Essentially, upside was limited, the market was on borrowed time before it corrected. That said, the ‘borrowed’ time could last a couple of months, so I would want to see evidence of the market topping out from other sources, before shorting. So how do things look?

Insider selling continues to be at an extreme. Short Yen positions are also at the extreme. The former suggests stocks should pull back, and the latter that money should pour into the safe haven Yen. But these two aside, we don’t see extremes. The consolidation in pro-risk has reset some of the indicators that had were toppy, suggesting more upside may be required to reach an overbought and overbullish reversal.

If we look at the technical picture for the S&P500, we see it is flirting with its 2011 high, with potentially clear air above if it can break out, but also that it is within a rising wedge which would normally break to the downside. For my first scenario above of imminent correction, the index could potentially double top today with its high of the start of March, reversing at that horizontal resistance. For my second scenario of a push upwards into 21-23 March, the index could break out but within the wedge and overthrow to 1400 before a correction.

Meanwhile, the US dollar has been rallying, which has taken the wind out of commodities to some extent. If the Fed is dovish tomorrow, extends Twist or similar, we could see a reversal, and precious metals gaining ground again. However, if they do nothing, the USD could maintain popularity. It remains in a very delicate long term position, and whilst I continue to believe that it will ultimately break to the downside in a mirror of the 1970s, we need a trigger for that to occur.

Source: Stockcharts

I look at both precious metals and at mining stocks and see evidence for a big move up coming up, but not quite yet. Fed action tomorrow could provide a trigger, but failing that, a little more time looks needed. Treasury bonds continue to make a rounded top, yields a rounded bottom. If this is the prelude to a notable change in trend, then the Fed may have a reason to step in.

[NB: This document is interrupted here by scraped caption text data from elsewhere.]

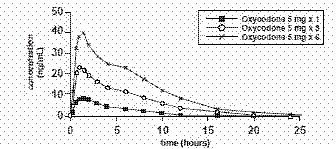 OXYCODONE HYDROCHLORIDE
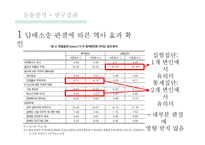온라인저널리즘-14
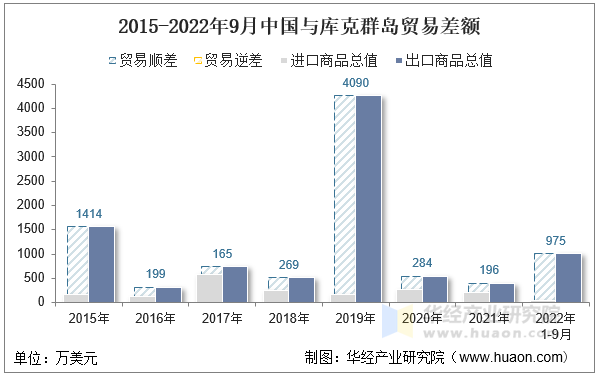 2015-2022年9月中国与库克群岛贸易差额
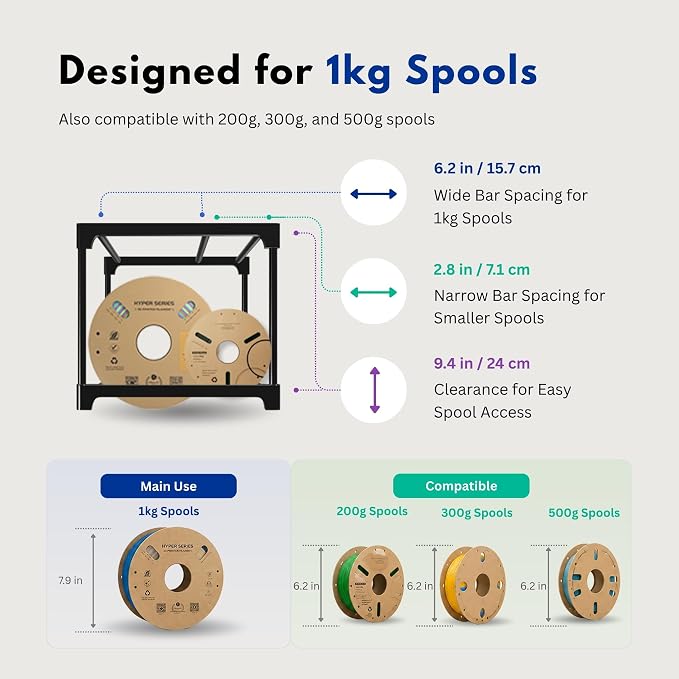 9-Tier 3D Printer Filament Storage Rack, Holds Up to 54 1kg Spools, - Image 5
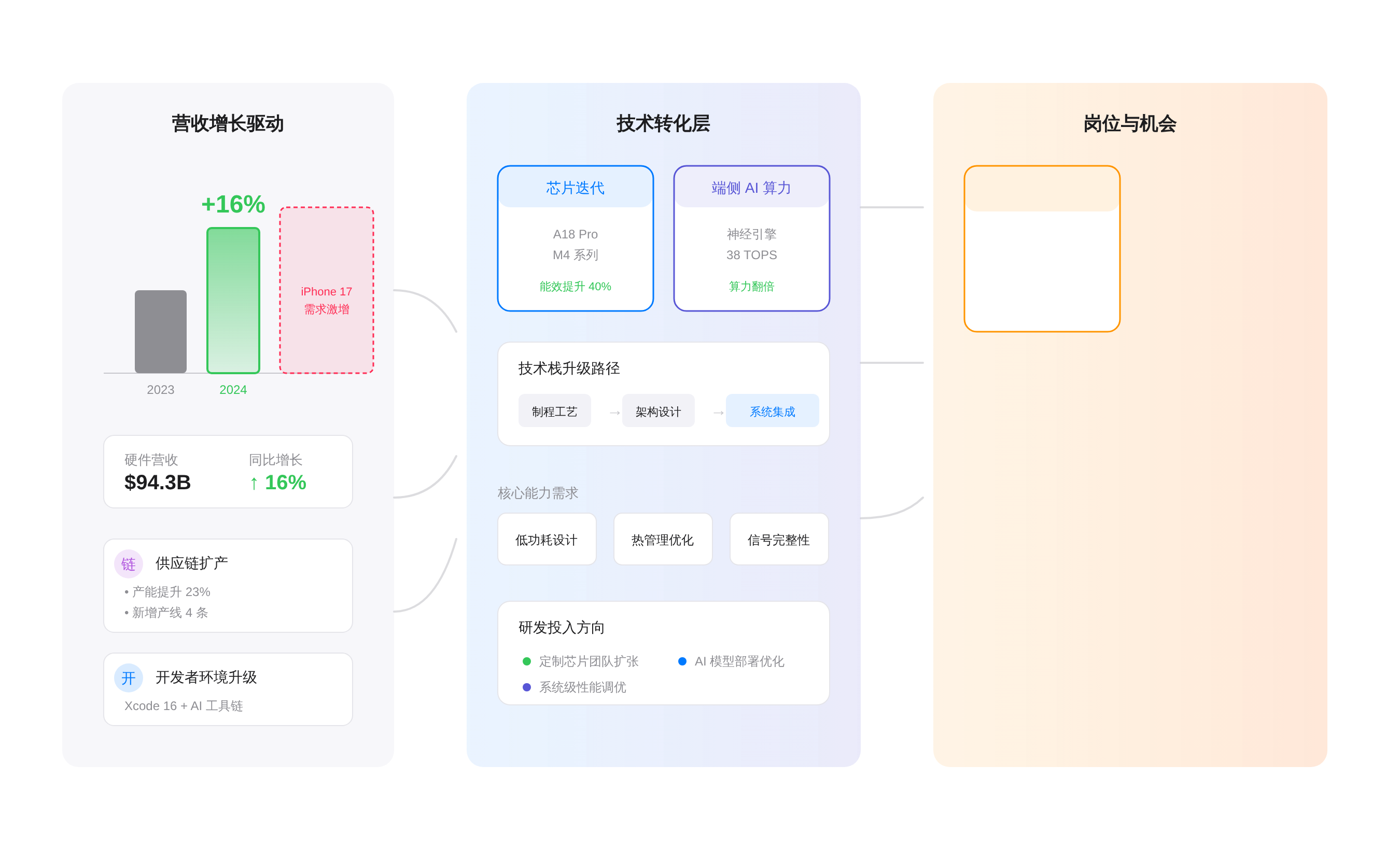 SVGDIAGRAM::正文图解 1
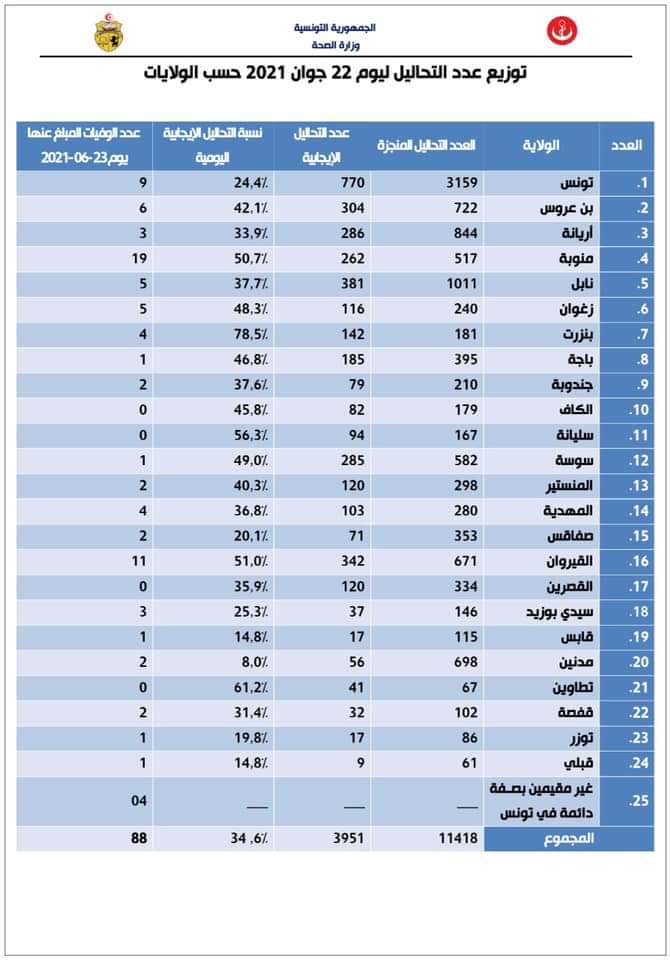 بنزرت في الصدارة بـ78.5%.. هذه نسب التحاليل الإيجابية لكورونا بمختلف الولايات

OK, let me sum up with my favoured scenario: stocks push on higher into 21-23 March, making a big divergence from the models and reaching overbullish/overbought again. I think that would then make for a nice shorting opportunity, and a subsequent period of mean reversion. I suspect that because most indicators have eased off from being toppy we need to push up to hit extremes again. Those extremes, plus some big divergences, would make for a higher probability trade than right now.